Recently declassified documents from Israeli state archives reveal concern from Israel’s first cabinet, in 1948, over reports of atrocities committed by the nascent IDF, and what could be done to bring them to a stop. In the left-wing Israeli daily Haaretz, these documents have given rise to handwringing over the nakba (Arabic for “catastrophe”)—as Palestinians call the creation of the Jewish state. But, according to Uri Misgav, none of the information in these documents about alleged war crimes is verifiable. Moreover, no discussion of the period can be undertaken without examining the massacres and expulsions that are all too verifiable. For instance:
Kibbutz Kfar Etzion fell on May 13, 1948, the day before the termination of the British Mandate; 242 members of the kibbutz and [Haganah] fighters were killed in the battle. A few dozen more fighters and civilians, including women, were slaughtered by Palestinian fighters after the battle had been decided; only four managed to flee. The three other kibbutzim in the area surrendered, and their residents were spared a slaughter thanks only to the intervention of Jordan’s Arab Legion, which took them to POW camps in Jordan. Immediately afterward, the four settlements were razed to the ground.
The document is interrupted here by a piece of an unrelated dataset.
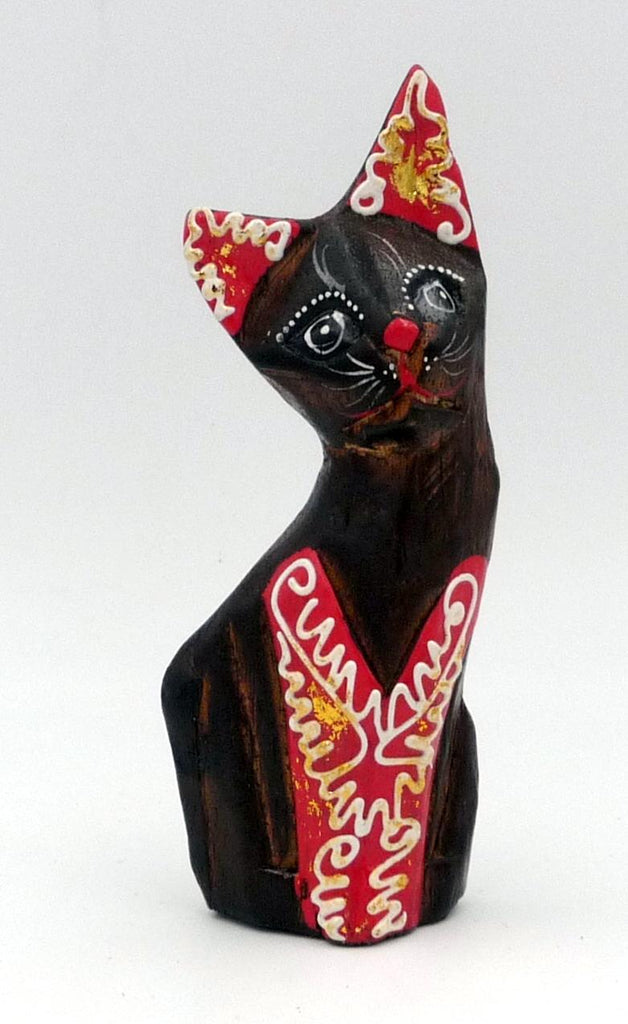 Chat rouge en bois peint artisanat Bali 11 cm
In the total war of existence that began to rage in Palestine following the adoption of the United Nations partition resolution of November 1947, that was the certain fate of every Jewish settlement that fell to the Arabs: the killing of fighters and civilians alike, mutilation of their bodies, looting of property, and destruction of the houses and other buildings. The pattern repeated itself at Beit Ha’arava, Nitzanim, Moshav Atarot, in Jewish neighborhoods of Jerusalem that were attacked, and in other mixed cities.
It was a life-and-death war, brutal and bloody. The Jewish community lost fully 1 percent of its population (6,000 killed out of a population of 600,000), and a tenth of the remainder became refugees in their own country.
However, with time’s passage, it has become politically incorrect to talk about Jewish fighters who were killed (some of them were young, others were older and had families; there were new immigrants with no military training who hadn’t even managed to learn Hebrew, Holocaust survivors, women, and in some cases teenagers), or about civilians who were murdered or settlements that were evacuated and destroyed, and whose residents became refugees.
Today there is apparently only the nakba: it consists of the killing and expulsion of Arabs, Palestinian villages that were destroyed, and Palestinian refugees. This historiographic distortion, with its absurd and immoral lack of symmetry, is the apple of the eyes of certain circles in Israel, Arabs and Jews alike.